_Activity_:
Begin the reply with the line containing "Used 2022 BMW" and end it with the final line of the listing, reproducing every line between exactly and adding nothing.

_Information supplied_:
----------------------------------------
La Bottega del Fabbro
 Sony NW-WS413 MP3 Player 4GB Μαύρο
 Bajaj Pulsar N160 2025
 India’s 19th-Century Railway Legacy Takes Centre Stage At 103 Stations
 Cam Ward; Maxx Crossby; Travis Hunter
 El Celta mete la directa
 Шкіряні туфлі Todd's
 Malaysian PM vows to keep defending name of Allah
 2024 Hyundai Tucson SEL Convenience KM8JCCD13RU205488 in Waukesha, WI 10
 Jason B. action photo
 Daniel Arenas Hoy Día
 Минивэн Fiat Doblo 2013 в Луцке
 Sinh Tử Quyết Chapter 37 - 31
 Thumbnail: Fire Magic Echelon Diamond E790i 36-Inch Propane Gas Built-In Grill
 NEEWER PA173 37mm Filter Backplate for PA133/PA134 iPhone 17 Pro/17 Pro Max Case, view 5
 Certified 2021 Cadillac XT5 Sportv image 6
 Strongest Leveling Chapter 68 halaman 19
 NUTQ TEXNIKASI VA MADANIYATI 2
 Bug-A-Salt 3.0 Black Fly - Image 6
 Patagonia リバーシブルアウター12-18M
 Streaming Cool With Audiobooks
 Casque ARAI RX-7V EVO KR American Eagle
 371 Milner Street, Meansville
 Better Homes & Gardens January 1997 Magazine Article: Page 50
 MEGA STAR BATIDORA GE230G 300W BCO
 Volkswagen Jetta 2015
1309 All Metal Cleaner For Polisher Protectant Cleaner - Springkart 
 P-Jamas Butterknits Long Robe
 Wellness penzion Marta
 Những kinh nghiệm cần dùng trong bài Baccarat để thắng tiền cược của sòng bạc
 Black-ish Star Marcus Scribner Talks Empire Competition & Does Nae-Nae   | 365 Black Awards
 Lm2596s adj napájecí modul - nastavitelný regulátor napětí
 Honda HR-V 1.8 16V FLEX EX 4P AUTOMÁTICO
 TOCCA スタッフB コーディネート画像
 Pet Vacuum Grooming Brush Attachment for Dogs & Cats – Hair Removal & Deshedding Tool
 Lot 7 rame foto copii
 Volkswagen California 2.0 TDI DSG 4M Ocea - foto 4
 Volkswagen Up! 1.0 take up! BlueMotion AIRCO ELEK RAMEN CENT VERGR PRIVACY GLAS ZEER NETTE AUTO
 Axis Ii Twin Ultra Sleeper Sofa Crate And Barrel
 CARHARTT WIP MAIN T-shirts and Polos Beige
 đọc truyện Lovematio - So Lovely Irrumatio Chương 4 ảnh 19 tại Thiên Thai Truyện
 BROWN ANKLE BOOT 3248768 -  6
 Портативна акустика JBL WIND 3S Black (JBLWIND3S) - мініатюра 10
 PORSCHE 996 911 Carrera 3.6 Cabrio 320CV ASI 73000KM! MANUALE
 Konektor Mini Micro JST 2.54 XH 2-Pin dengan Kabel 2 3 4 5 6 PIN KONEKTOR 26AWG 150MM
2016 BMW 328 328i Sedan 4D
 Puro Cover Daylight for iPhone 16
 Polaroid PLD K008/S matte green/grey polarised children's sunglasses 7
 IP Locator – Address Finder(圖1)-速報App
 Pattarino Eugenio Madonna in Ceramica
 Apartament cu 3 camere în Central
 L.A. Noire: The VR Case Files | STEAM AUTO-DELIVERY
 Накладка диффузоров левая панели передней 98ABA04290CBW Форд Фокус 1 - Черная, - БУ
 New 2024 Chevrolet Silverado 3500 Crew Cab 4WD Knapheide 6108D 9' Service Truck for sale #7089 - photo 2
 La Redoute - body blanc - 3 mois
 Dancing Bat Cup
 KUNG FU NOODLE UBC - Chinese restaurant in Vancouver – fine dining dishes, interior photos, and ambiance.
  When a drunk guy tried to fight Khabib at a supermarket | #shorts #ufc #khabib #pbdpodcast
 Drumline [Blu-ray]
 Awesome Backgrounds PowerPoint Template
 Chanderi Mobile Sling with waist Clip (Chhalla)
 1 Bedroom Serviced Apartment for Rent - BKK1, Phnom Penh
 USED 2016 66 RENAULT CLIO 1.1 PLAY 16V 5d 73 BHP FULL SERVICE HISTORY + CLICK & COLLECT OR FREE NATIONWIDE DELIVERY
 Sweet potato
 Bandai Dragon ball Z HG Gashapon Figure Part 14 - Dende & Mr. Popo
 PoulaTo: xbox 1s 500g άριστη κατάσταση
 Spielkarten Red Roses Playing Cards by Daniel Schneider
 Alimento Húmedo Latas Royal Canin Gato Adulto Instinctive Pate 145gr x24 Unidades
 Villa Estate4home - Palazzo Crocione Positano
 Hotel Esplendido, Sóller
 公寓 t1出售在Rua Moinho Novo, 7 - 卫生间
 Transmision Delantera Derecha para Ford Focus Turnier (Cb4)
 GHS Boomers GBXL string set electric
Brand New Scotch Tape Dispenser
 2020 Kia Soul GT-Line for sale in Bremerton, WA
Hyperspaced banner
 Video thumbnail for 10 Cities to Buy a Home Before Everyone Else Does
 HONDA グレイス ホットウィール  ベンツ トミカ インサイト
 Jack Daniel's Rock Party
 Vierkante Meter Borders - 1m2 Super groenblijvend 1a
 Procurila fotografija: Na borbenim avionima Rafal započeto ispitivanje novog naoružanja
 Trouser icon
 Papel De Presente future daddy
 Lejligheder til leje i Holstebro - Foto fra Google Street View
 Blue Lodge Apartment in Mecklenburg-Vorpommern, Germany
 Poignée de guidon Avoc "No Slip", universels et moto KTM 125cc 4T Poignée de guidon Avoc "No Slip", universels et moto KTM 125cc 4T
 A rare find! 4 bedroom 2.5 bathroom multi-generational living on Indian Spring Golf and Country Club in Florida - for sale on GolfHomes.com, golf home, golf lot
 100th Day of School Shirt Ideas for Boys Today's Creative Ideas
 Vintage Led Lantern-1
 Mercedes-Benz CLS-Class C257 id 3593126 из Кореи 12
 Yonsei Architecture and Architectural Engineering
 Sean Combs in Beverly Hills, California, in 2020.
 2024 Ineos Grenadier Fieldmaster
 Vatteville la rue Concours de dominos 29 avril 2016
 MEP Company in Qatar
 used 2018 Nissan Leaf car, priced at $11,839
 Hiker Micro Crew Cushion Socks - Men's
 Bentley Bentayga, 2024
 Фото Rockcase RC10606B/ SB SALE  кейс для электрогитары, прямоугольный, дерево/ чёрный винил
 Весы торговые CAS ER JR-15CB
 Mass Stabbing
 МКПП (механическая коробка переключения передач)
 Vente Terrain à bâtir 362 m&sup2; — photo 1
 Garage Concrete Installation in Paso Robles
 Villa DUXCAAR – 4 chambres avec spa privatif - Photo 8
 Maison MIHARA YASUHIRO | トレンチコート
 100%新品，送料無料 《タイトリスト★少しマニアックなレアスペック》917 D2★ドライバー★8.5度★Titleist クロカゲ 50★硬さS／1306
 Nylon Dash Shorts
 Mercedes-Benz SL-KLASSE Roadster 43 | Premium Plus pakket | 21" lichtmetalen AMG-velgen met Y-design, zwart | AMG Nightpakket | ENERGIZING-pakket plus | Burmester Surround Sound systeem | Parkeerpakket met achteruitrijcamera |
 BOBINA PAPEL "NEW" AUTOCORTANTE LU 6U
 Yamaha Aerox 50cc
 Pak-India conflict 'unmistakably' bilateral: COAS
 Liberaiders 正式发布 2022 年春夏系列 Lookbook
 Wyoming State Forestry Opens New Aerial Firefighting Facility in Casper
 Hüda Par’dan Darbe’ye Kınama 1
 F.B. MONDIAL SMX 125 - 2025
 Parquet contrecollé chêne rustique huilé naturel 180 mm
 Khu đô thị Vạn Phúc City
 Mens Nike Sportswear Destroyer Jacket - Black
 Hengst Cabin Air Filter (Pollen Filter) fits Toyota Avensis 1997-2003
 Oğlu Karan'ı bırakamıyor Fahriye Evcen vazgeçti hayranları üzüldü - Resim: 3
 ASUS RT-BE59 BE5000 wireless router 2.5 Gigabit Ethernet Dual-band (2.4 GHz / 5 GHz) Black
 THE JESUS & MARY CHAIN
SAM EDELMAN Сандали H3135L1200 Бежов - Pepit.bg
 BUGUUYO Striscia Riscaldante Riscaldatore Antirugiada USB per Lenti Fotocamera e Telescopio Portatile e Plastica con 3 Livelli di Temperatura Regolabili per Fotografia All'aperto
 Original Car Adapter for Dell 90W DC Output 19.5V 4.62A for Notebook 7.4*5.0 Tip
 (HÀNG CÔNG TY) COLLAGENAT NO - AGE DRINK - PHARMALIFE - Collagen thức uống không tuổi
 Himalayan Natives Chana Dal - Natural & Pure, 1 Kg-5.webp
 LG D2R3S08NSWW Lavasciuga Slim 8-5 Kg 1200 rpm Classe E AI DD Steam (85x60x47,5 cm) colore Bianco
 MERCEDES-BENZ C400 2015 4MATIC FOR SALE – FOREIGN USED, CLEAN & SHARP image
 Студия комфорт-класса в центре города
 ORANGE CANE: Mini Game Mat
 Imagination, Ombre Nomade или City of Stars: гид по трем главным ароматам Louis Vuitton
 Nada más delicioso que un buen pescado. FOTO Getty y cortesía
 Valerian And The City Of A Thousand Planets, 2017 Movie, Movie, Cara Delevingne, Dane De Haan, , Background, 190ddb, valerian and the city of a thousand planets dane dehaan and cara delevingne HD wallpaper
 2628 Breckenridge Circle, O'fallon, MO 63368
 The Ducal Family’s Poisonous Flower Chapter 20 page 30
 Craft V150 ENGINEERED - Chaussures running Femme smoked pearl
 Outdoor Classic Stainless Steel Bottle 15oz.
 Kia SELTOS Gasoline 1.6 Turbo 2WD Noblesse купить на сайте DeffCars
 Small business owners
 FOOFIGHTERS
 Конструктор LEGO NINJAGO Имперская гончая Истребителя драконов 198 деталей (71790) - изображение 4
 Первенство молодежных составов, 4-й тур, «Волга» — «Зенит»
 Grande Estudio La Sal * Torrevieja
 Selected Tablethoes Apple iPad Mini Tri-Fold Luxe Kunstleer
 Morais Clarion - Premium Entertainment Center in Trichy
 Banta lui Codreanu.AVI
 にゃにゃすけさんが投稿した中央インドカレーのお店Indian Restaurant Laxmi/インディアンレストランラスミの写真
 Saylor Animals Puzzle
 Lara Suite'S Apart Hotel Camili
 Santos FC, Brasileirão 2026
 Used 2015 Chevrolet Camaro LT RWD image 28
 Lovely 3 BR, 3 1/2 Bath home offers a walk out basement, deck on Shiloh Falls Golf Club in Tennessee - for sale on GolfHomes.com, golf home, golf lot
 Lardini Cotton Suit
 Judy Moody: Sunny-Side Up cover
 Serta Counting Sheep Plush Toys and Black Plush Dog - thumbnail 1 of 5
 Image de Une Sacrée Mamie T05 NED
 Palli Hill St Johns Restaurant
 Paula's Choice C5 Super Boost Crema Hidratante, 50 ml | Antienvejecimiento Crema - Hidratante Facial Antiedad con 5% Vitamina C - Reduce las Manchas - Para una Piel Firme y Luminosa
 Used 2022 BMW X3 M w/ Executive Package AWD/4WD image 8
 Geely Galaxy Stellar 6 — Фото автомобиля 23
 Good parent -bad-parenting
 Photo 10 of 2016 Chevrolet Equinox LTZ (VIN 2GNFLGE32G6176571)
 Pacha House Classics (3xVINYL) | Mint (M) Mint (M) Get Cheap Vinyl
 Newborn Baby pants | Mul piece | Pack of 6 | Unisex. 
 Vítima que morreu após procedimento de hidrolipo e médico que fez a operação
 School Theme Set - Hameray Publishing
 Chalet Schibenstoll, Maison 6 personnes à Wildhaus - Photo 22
----------------------------------------
_Result of this task_:
 Used 2022 BMW X3 M w/ Executive Package AWD/4WD image 8
 Geely Galaxy Stellar 6 — Фото автомобиля 23
 Good parent -bad-parenting
 Photo 10 of 2016 Chevrolet Equinox LTZ (VIN 2GNFLGE32G6176571)
 Pacha House Classics (3xVINYL) | Mint (M) Mint (M) Get Cheap Vinyl
 Newborn Baby pants | Mul piece | Pack of 6 | Unisex. 
 Vítima que morreu após procedimento de hidrolipo e médico que fez a operação
 School Theme Set - Hameray Publishing
 Chalet Schibenstoll, Maison 6 personnes à Wildhaus - Photo 22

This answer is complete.